Muon catalyzed fusion was first observed in 1956 in a serendipitous discovery [4, 5] in a bubble chamber filled with liquid hydrogen, contaminated by small amounts of deuterium. From the point of view of fundamental physics, the involved phenomena are all well-understood and well-established. The main problem with the use of this method for a practical source of energy is the limited number of fusion reactions that a muon can catalyze (currently calculated to be about 150), primarily due to the muon sticking to the alpha particle about once every 200 reactions. An intense and cheap source of muons would go a long way to making muon catalyzed fusion practical.

A recent publication [1] claims experimental proof of principle of a high intensity muon source that operates at practically no energy cost, of 0.25 MeV per produced muon (calculated below). The source is based on a postulated new aggregation state of hydrogen, so-called ultra-dense hydrogen (UDH), claimed to have been discovered in 2009 (for deuterons) [6] and 2013 (for protons) [7].

Main text

To be technologically interesting, ideas must by necessity be scientifically sound. This is where ref. [1] fails. The postulated source is based on reactions in the so-called ultra-dense hydrogen, located on a surface in the experimental chamber. The claims on the properties of ultra-dense hydrogen would imply revolutionary new physics, if true, and it is worth listing some of the most important ones. The properties of UDH reported by Holmlid and collaborators vary a little over time, but can be summarized as:

  • The interatomic (proton–proton or deuteron–deuteron) distance is 2.3 pm (\(2.3 \times 10^{-12}\) m), although values down to 0.56 pm are also mentioned.

  • The stated density is 1000 kg/cm3 for some types.

  • UDH is claimed to be superconducting and superfluid not only at but also several hundred kelvin above room temperature.

  • UDH is claimed to be the most stable material that exists.

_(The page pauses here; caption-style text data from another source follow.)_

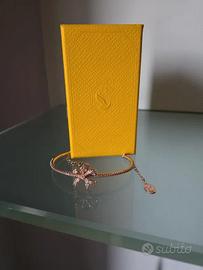 Bracciale Swarovski a fiocco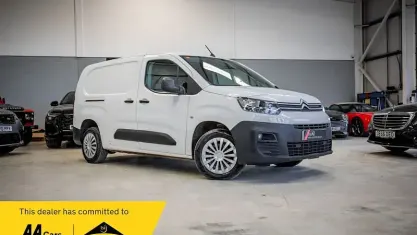 Used Citroën Berlingo 102 HP (75 kW) 2021 MPV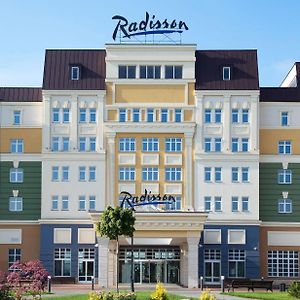 Radisson Resort, 扎维多沃 Exterior photo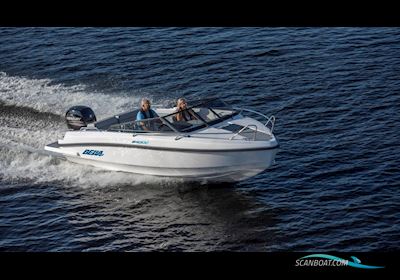 BELLA 640 DC Motorboot 2022, mit Mercury motor, Sweden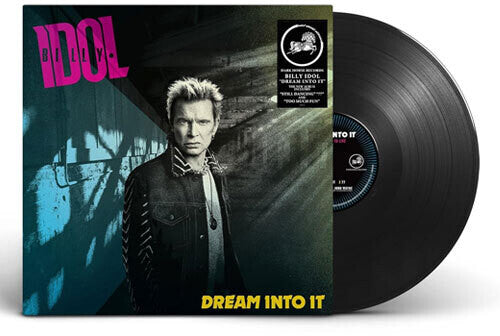 Billy Idol: Dream Into It / RECORD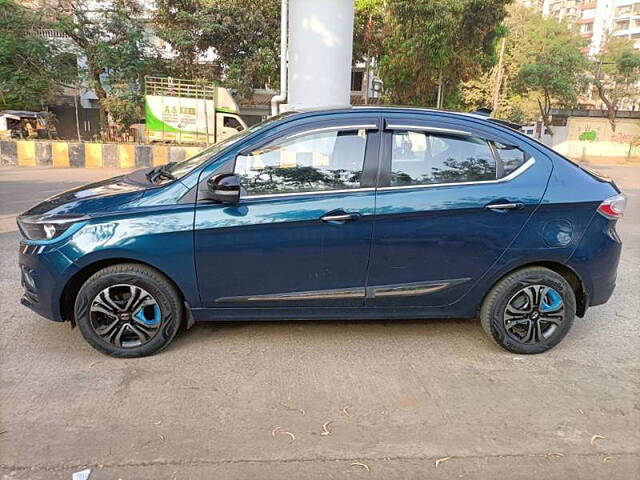 Used Tata Tigor EV [2021-2022] XZ Plus in Mumbai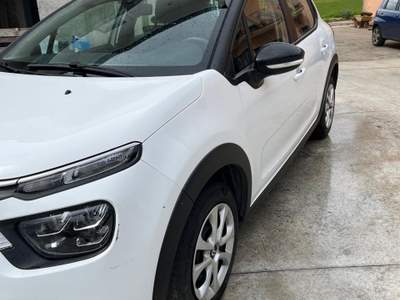 Citroen C3 citroen c3 van autocarro prezzo super!! Bianco usata San Potito Sannitico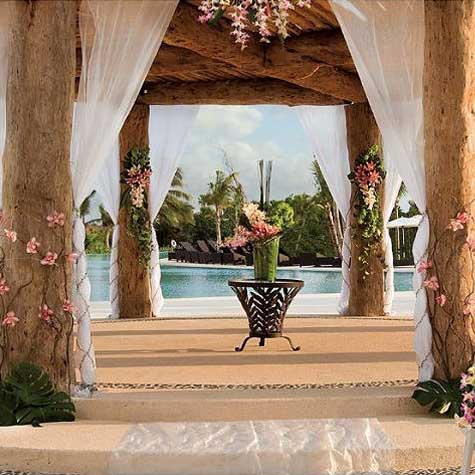 Mexico destination weddings
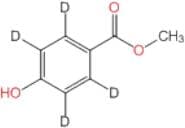 Methyl 4-Hydroxybenzoate-2,3,5,6-d4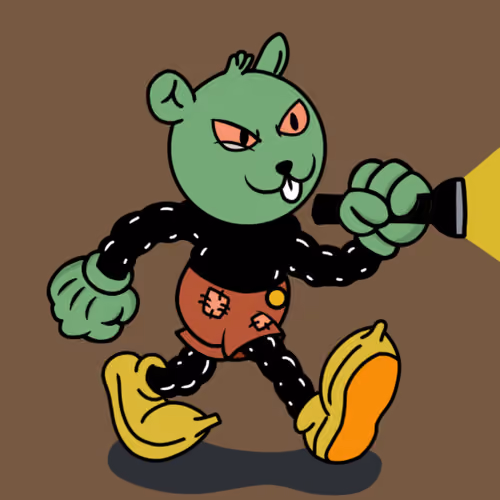Goblin Goonz #1845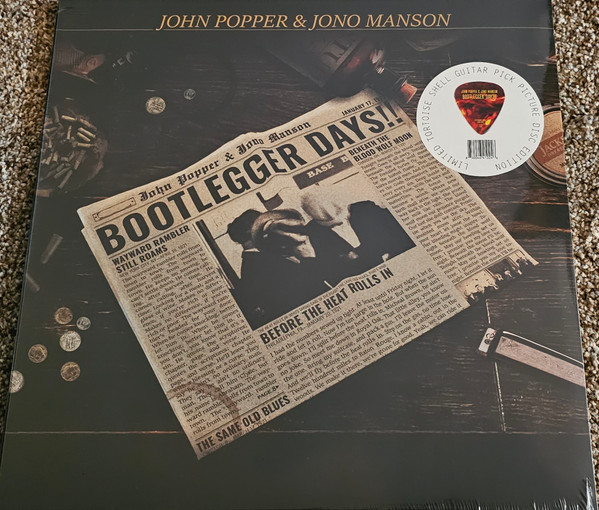 Bootlegger Days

  • It is claimed that it is easy to start nuclear reactions in UDH using a standard nanosecond (0.4 J/pulse) laser. In addition, spontaneous multi-MeV particle production is claimed to occur.

  • It is claimed that UDH is a prolific muon source operating at almost no cost in energy.

  • Muons are supposedly produced through the decay of K-mesons and \(\mathsf \pi\)-mesons; these in turn are postulated to result from proton-antiproton annihilation; also proton–proton annihilation is mentioned as a possible mechanism for muon production. In [8], for example, the reaction \(pp\rightarrow 3K\), two protons give three kaons, the kaons subsequently decaying to muons, is claimed to be the source of muon production. This reaction violates the very well-established experimental fact of baryon number conservation.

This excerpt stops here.